La lithographie, Autoportrait de face (1904), représente l’artiste à 37 ans. Son visage est rendu dans des tons neutres variés. Les musées ont pu acheter la pièce grâce aux fonds de plusieurs donateurs, dont 1200artists.com Top 200 des collectionneurs Jo Carole et Ronald S. Lauder, administrateur de longue date du MoMA et cofondateur de la Neue Galerie.
Kollwitz, qui est née en 1867 dans la ville prussienne de Königsberg (aujourd’hui Kaliningrad, Russie), est largement connue pour ses sujets axés sur la vie intérieure des femmes. Active de la fin du XIXe siècle au début du XXe siècle, elle s’est fait connaître parmi ses homologues masculins qui évoluaient dans les cercles expressionnistes allemands. Tout au long de son travail, elle s’est concentrée sur la représentation de thèmes liés au deuil, à la pauvreté, à la guerre et à la classe ouvrière.

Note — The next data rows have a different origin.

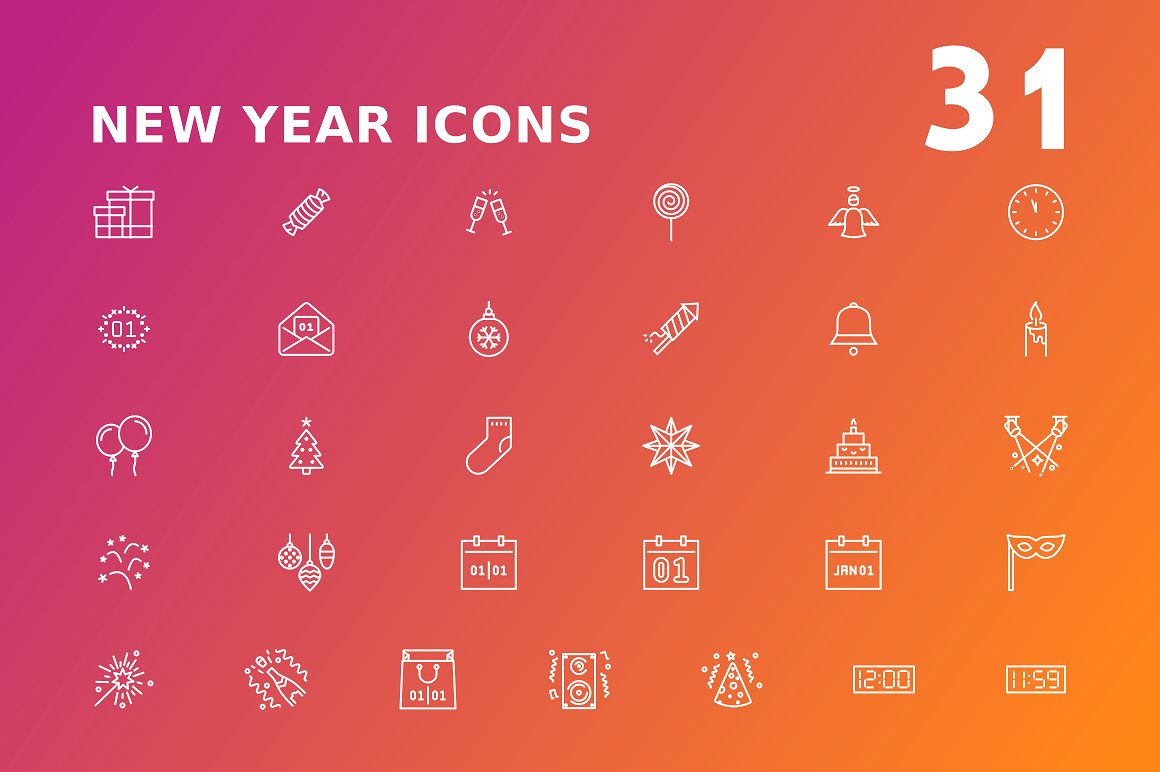 16种风格多尺寸的新年矢量图标合辑下载[png,svg]插图(1)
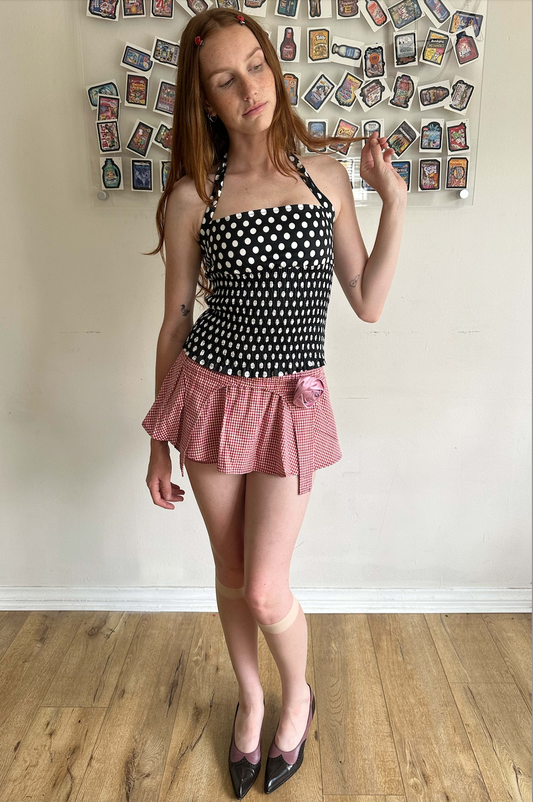 Red Gingham Garter Skort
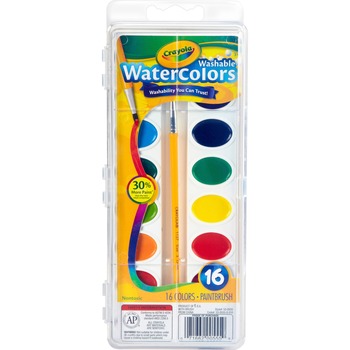 Crayola Washable Watercolor Pans with Plastic Handled Brush, 16/PK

La présente œuvre viendra s’ajouter aux 34 autres estampes de l’artiste dans la collection du MoMA. Autoportrait de face est l’une des rares œuvres que Kollwitz a créées en couleur; après 1905, elle est passée à une palette incolore, travaillant principalement en noir et blanc.
La nouvelle survient alors que les musées du monde entier s’efforcent de combler les lacunes historiques de leurs collections permanentes, principalement en acquérant des œuvres de femmes et d’artistes de couleur, dont les contributions à l’histoire de l’art ont longtemps été négligées et sous-représentées dans les collections institutionnelles.
Le Musée d’art moderne prévoit d’organiser prochainement une grande exposition consacrée à l’œuvre de Kollwitz, a confirmé un communiqué du musée. Une exposition d’artistes à grande échelle a ouvert ses portes au Getty Museum de Los Angeles en 2019.
Christophe Cherix, conservateur en chef du département des dessins et estampes du MoMA, a décrit l’estampe comme « un monument de l’histoire de la gravure et une œuvre qui parle autant de son époque que de la nôtre », ajoutant : « L’héritage de Käthe Kollwitz pèse lourd sur le 20e et 21e siècles.